> **EXERCISE AIM**:
Output only the lines that run from the line holding "400 CENTRAL AVE #1901 — photo 38" to the end of the data below, including both ends, without any pictures.

> **RECORDED INFORMATION**:

╔══

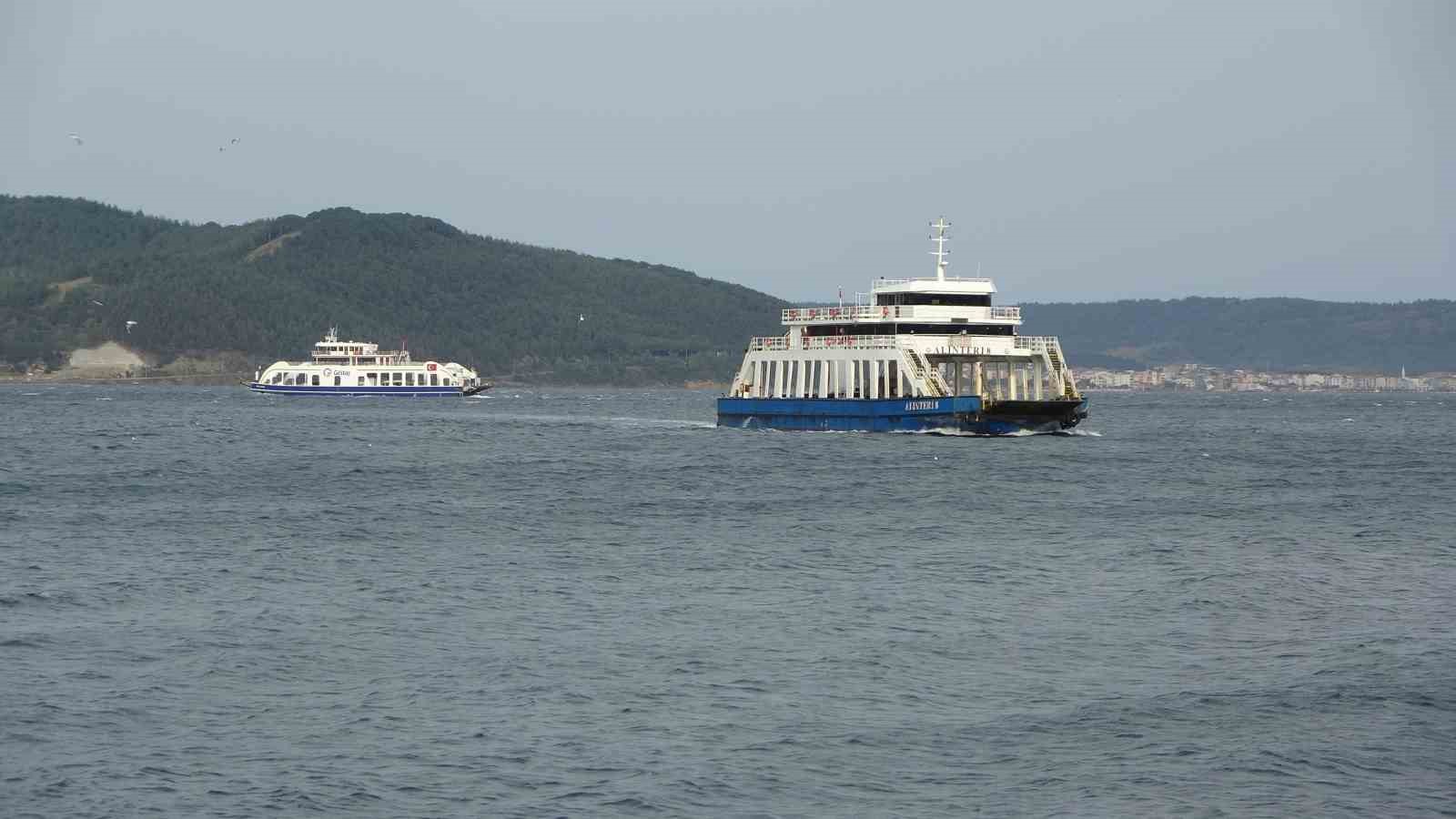 Bozcaada ve Gökçeada’ya feribot seferlerine fırtına engeli
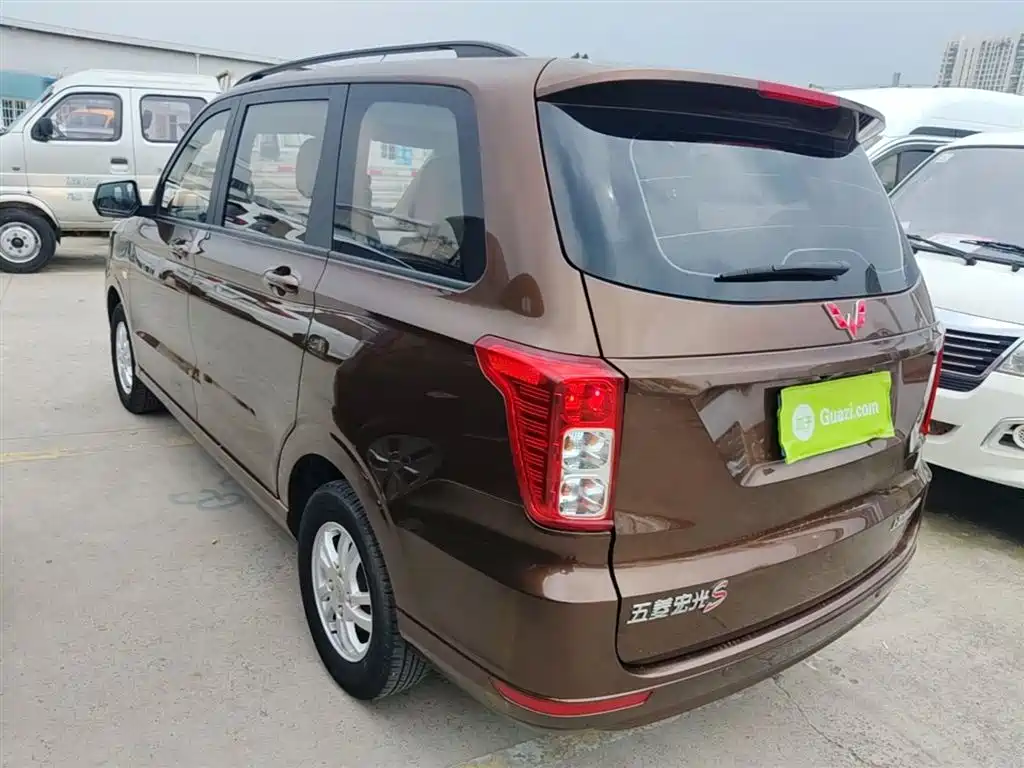 Wuling Hongguang 1.5 L S Comfort L2 B
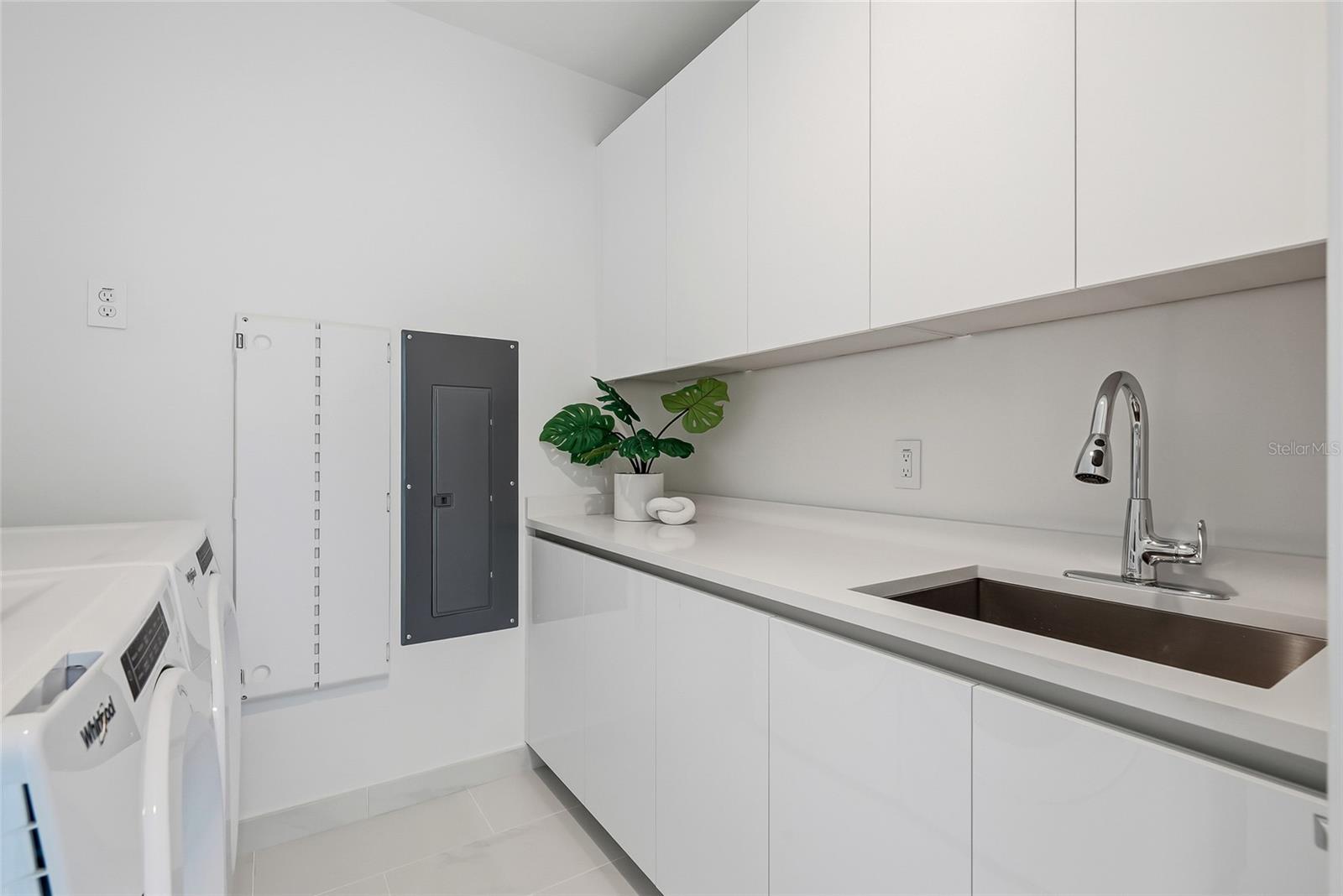 400 CENTRAL AVE #1901 — photo 38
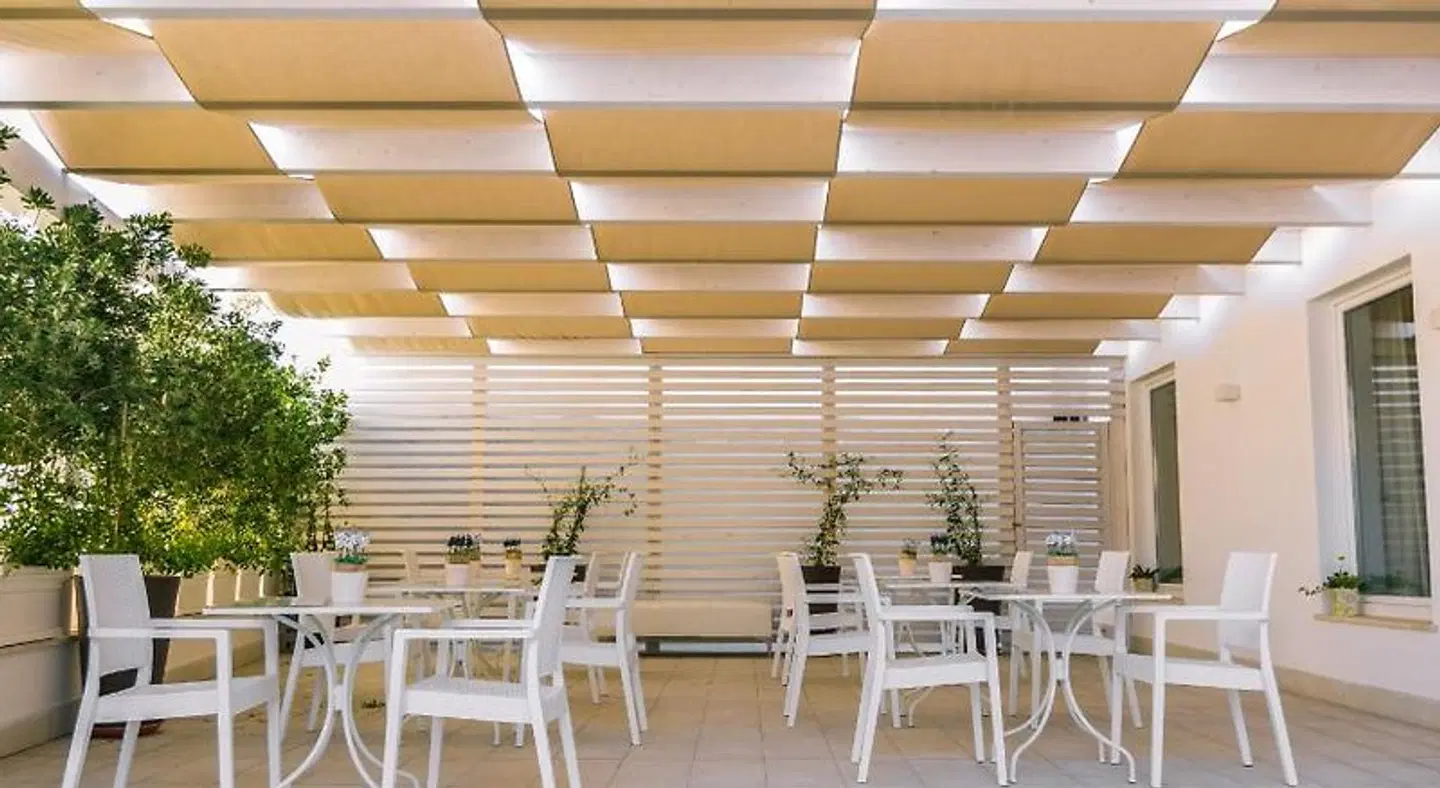 Il Gallo Bianco Terrasse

╚══

> **PROBLEM SOLUTION**:
 400 CENTRAL AVE #1901 — photo 38
 Il Gallo Bianco Terrasse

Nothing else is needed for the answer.